• Data extract:
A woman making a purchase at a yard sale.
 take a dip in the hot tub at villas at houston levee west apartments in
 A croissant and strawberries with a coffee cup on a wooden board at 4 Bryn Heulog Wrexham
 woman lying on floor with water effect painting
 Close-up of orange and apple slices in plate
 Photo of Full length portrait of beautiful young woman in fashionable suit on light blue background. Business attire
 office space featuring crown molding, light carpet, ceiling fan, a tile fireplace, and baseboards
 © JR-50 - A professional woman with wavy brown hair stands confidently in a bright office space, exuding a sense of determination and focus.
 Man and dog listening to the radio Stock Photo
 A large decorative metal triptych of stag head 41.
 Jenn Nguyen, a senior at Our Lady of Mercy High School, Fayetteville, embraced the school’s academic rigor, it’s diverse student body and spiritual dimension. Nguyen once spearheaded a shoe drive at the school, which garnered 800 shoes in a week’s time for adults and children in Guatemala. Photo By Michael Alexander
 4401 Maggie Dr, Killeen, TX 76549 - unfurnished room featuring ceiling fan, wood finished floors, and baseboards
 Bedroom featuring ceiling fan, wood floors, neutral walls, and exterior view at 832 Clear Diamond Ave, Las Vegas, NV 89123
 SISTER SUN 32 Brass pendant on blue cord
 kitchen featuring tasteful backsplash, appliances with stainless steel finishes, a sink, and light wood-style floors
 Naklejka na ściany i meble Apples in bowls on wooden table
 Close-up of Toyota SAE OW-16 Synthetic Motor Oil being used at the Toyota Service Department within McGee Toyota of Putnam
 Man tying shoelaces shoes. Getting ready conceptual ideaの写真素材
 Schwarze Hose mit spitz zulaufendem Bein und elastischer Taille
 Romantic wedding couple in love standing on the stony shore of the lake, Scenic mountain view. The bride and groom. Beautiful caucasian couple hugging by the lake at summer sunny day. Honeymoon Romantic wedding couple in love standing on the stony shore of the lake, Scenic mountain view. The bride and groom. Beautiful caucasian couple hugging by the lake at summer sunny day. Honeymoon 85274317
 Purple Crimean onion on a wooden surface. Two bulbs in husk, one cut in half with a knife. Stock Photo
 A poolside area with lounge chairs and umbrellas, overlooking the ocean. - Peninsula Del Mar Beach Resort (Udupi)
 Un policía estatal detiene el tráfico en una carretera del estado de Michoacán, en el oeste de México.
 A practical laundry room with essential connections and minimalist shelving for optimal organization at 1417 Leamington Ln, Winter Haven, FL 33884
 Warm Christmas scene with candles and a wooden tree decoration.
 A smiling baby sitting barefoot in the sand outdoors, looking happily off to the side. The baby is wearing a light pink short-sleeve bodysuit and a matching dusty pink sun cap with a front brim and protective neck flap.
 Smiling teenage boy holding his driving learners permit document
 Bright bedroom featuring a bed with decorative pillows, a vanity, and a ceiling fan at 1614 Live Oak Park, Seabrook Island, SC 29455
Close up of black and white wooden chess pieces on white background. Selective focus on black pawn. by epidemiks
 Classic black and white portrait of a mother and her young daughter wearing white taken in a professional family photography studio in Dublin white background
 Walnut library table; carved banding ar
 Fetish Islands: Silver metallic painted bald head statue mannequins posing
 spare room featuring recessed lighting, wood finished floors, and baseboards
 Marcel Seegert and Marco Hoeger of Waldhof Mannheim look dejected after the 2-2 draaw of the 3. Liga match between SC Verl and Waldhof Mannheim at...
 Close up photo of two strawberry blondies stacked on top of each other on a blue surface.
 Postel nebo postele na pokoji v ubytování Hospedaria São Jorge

• Directions for this task: Print exactly the lines of the listing above starting at the line containing "A poolside area" and ending at the line containing "Un policía estatal", both included.

• Expected answer:
 A poolside area with lounge chairs and umbrellas, overlooking the ocean. - Peninsula Del Mar Beach Resort (Udupi)
 Un policía estatal detiene el tráfico en una carretera del estado de Michoacán, en el oeste de México.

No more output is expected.